Small One’s arrival meant spending Sundays in the baby room as he becomes increasingly vocal and needs more entertaining. Their room is lovely, spacious, incomprehensibly clean considering the fact that it’s a room for children. (I have a suspicion that German babies are as clean as their grown up counterparts, but I digress.)
Last Sunday I realized that my son needed something to eat, so I was going to go back into the auditorium for the snacks. One of the young women who was there to look after the kids, told me she had a banana and would that be ok for him? She had long brown hair, lovely eyes and smile, and she must be in her early 20s or late teens, in other words not someone I would expect to be attune to mom needs.
Small One loves bananas, so I found a high chair and sat him in it. She returned to me with a smile, and a plastic bowl of chopped banana pieces.
This may seem normal to you, but I was left standing there with a bowl of bananas and a slightly shocked look on my face. Were it not for Small One’s hunger, I might have just remained standing there for a while with my mouth open.
She had taken the banana for me, she had peeled it for me, chopped it into bite-sized pieces for me, and put it into a plastic bowl before she gave it to me. Maybe it was a simple gesture for her, and maybe she didn’t even think much of it. There wasn’t any fanfare about the way she served me, but she had no idea that in that moment she was doing something that touched me deeply.
The loss of dignity is something I grieve regularly when I’m out with Small One. I don’t get to sit down with a plate of food and eat the way I used to because there are baby hands everywhere trying to put things into his mouth. If he screams in public, there isn’t a mute button to push, so the glares from others have to be stomached while trying to soothe a baby who will not be soothed. Food ends up on my clothes, on his clothes, in my hair and I’m sure that there are scenarios I haven’t even thought of that will happen in the future. But it’s ok, this is part of the package of parenting, and we roll with it.
All of us roll on with the situations in our lives.

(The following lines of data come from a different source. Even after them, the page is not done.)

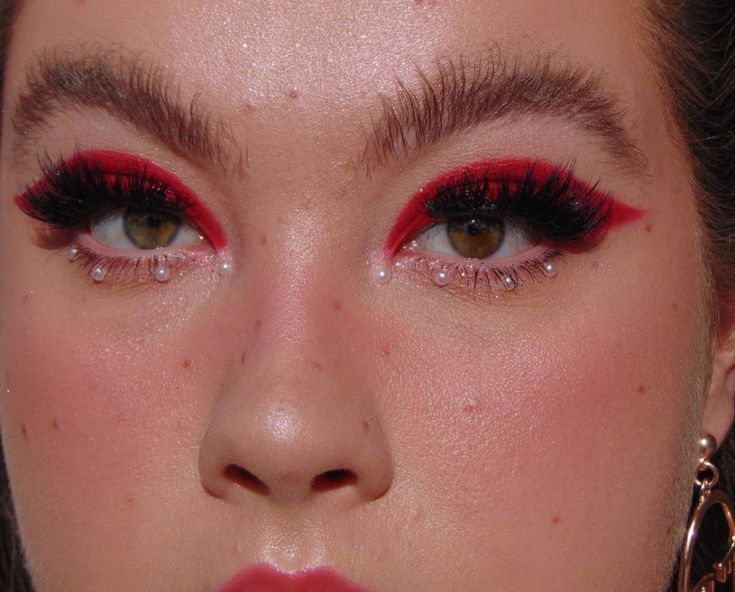 Color Games scented nail lacquer: summer manicure, limited edition | DIOR Color Games scented nail lacquer: summer manicure, limited edition | DIOR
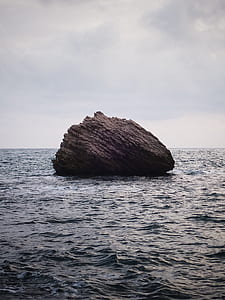 brown rock formation thumbnail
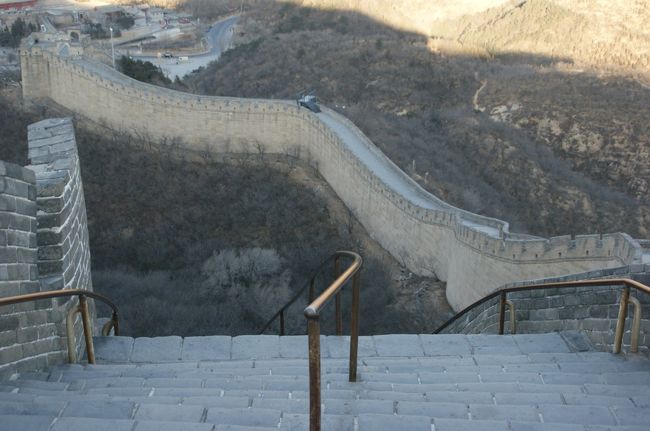 時間が無くなってきたので降りることにするが、石段の途中から先が見えない。<br />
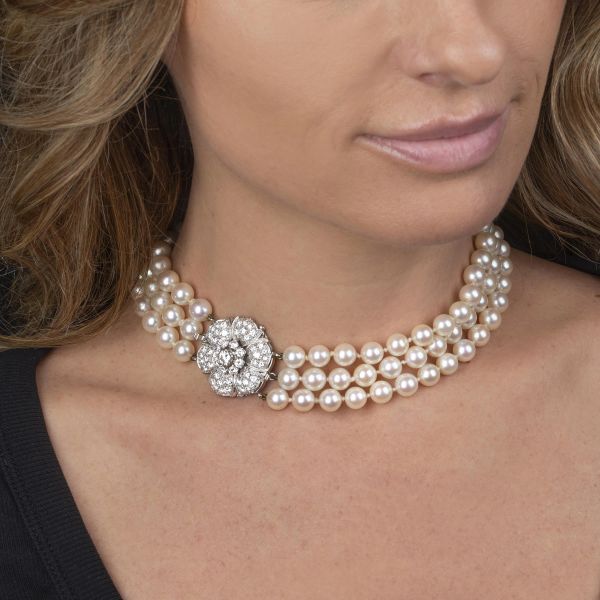 GIROCOLLO DI PERLE CON DIAMANTI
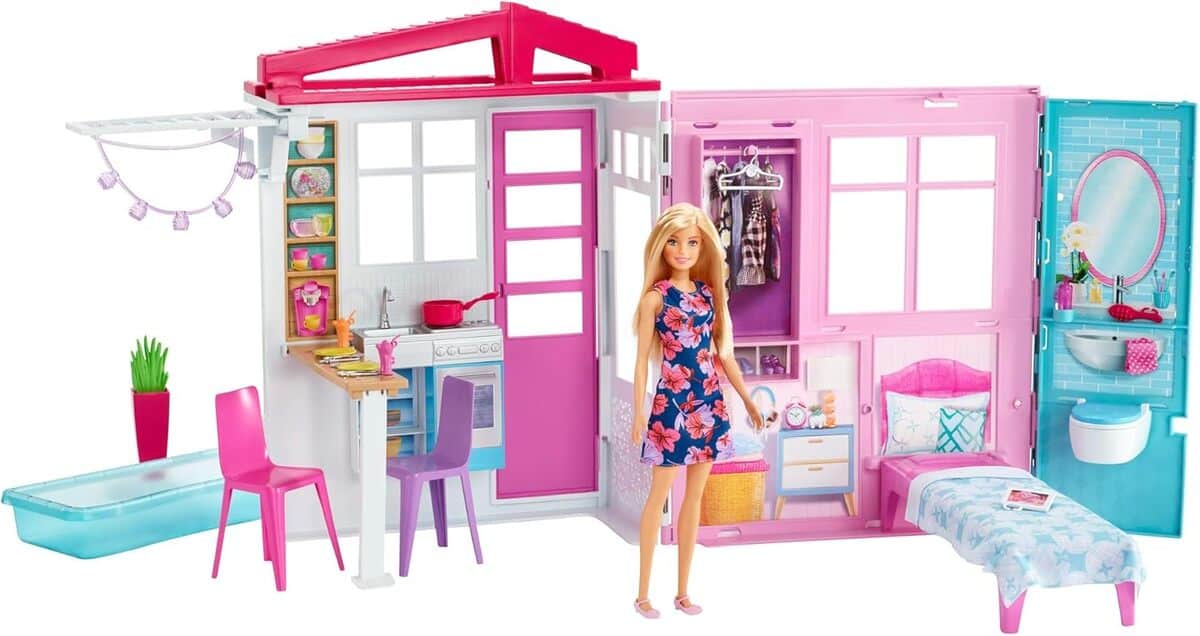 Test du Coffret Mobilier Barbie : maison Pliable avec Piscine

Small children aren’t the only dignity robbers, of course; all of us have been treated badly, rejected, betrayed by people we loved and trusted, have illnesses we battle against and on a very basic level, all of us have bad days (and bad hair days).
The moment I had with this young, long-brown-haired German woman on Sunday gave me back some of the dignity that I lose on a day-to-day basis. Why? Because she took the time to serve me and service says, You are worth it.
I inhabit a world of leaders whose long titles, substantial bank accounts, multiple degrees, and big egos supposedly give them the right to positions, power and influence. Every sphere of our lives has some ladder to climb or the next level to attain, real or imagined, and as we climb higher, all of us in some way or another forget to do the gritty work of people care. The work that involves washing windows and cleaning toilets, babysitting for free, listening, chopping bananas and putting it in a bowl. Service. Acts of kindness that say to someone, You are not alone. I can see that you need help. I’m here to help you because you are worth it.
When I read that list I wrote, my honest thought in response to cleaning someone else’s toilet or babysitting someone else’s children is, No thank you. I won’t go into my excuses because at the foundation of it all is this one belief: I am above that. I’ve cleaned other’s toilets. I’ve babysat other people’s children. It’s not my “season” to do that anymore. I’m in a different place; I’ve moved on to a different level. I am above that.
It’s a lie.
No one graduates from the gritty work of serving people; it is the school we attend for our whole lives for it is the better way.